- BRIEF: Copy exactly the lines from the line holding "Kitchen with stainless" through the end of the material, and no others; pictures stay out.

- SOURCE MATERIAL:

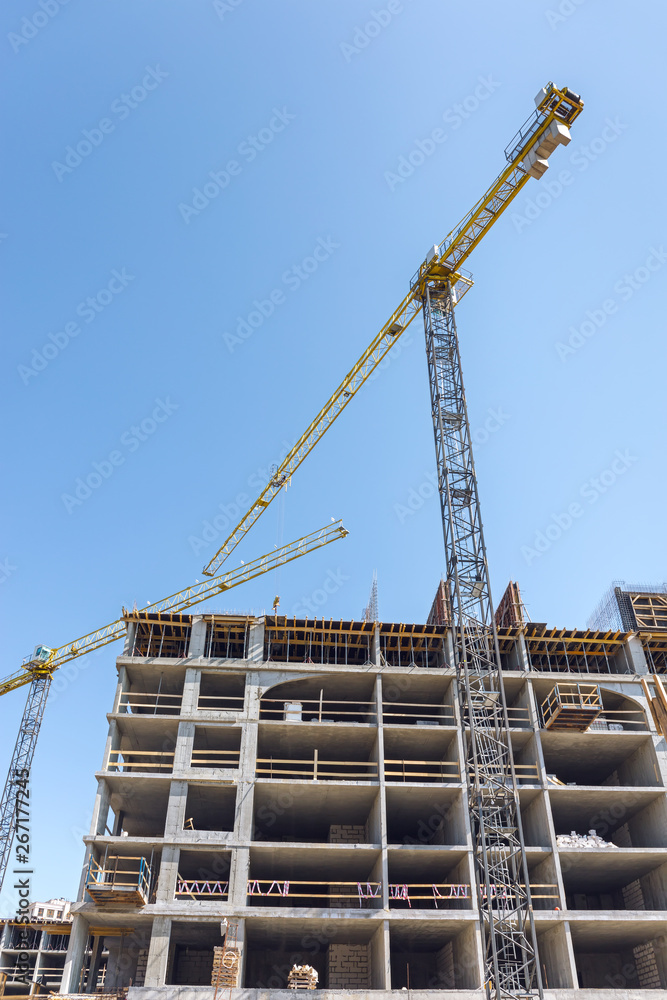 building under construction with yellow building cranes against blue sky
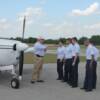 Pilot Mike Wilkerson goes over Pre-Fight inspection of plane with his group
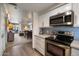 Kitchen with stainless steel appliances that opens to the dining room and living room at 750 E Northern Ave # 2143, Phoenix, AZ 85020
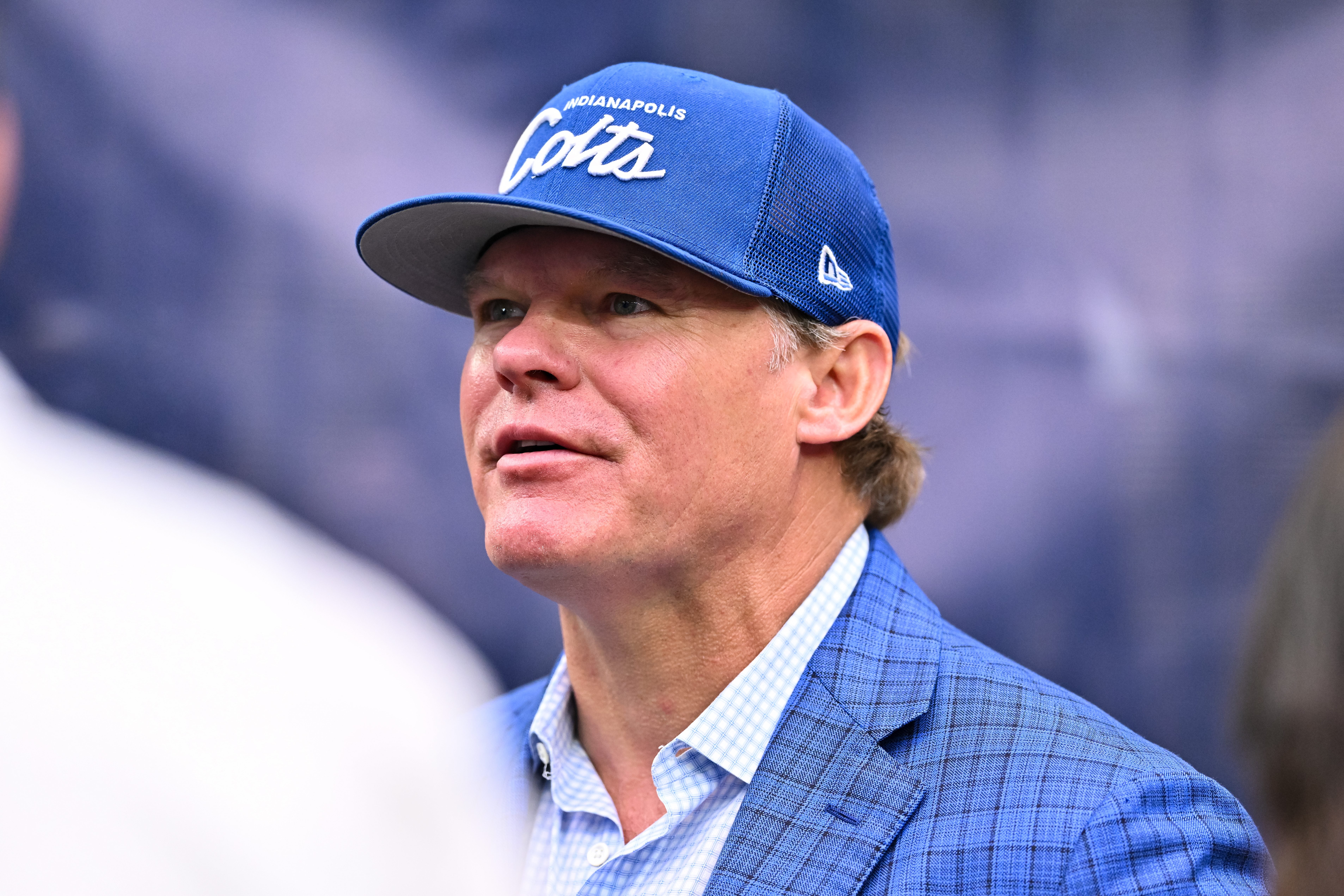 Sep 17, 2023; Houston, Texas, USA; Indianapolis Colts general manager Chris Ballard speaks with fans on the sideline prior to the game against the Houston Texans at NRG Stadium.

- YOUR SOLUTION:
 Kitchen with stainless steel appliances that opens to the dining room and living room at 750 E Northern Ave # 2143, Phoenix, AZ 85020
 Sep 17, 2023; Houston, Texas, USA; Indianapolis Colts general manager Chris Ballard speaks with fans on the sideline prior to the game against the Houston Texans at NRG Stadium.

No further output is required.